Demand reduction needs to relate to resources as well as energy. The potential for repair and reuse skills becoming an important part of our circular economy needs to be part of our approach.

Finally, there is nothing in the green industrial strategy on ownership, decentralisation or the risks of financialisation. Some members slightly turned their nose up when Richard Leonard was making some very important and serious points on that issue. However, I do not want to swap a bunch of multinational fossil fuel companies for a bunch of multinational renewables companies.
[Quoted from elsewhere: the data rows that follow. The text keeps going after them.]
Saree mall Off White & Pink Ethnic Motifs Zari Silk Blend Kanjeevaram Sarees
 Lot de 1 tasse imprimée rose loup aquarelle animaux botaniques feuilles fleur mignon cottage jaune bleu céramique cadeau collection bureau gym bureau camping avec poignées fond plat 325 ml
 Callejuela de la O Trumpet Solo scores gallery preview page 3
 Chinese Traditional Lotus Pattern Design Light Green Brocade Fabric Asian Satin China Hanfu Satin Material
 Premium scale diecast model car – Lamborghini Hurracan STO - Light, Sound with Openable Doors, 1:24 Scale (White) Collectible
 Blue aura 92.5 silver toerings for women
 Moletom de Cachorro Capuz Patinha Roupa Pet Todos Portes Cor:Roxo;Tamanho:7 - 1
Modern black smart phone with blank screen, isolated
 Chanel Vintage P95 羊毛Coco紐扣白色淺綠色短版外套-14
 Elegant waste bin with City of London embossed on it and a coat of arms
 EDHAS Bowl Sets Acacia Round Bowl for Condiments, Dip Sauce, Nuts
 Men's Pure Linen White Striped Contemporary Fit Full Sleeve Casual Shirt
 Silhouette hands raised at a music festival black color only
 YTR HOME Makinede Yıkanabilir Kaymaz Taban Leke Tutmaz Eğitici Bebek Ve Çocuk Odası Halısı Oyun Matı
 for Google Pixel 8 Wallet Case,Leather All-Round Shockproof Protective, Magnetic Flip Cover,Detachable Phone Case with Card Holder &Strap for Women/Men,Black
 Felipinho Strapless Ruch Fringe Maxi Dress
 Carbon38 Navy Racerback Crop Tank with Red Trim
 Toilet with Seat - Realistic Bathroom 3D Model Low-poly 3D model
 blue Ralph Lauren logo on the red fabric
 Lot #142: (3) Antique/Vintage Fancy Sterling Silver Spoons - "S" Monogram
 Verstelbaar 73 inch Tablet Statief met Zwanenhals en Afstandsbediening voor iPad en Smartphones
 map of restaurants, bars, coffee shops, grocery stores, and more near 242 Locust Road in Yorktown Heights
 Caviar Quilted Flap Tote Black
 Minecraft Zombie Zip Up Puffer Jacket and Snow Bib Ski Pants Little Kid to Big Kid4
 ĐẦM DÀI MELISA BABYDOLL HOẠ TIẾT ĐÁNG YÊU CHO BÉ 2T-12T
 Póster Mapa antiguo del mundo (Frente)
I want the agenda to be one that ushers in a new economy that is fundamentally more equal and that does not allow the wealth that needs to be invested in the green transition to be hoarded by a few billionaire tax exiles.

16:37  

Meeting of the Parliament

Programme for Government (Growing Scotland’s Green Economy)

Meeting date: 12 September 2024

Patrick Harvie

Will the Deputy First Minister come on to address the economic arguments that were made in relation to, for example, the hoarding of wealth by the super-rich—by billionaire tax exiles such as Jim Ratcliffe, who has failed the community of Grangemouth so grievously? Is that not a fundamental reason why Governments do not have the resources that they need in order to be able to invest in the green transition? Will the Government come on to address that issue of financialisation and privatisation, which is at the heart of the economic problems that we are facing?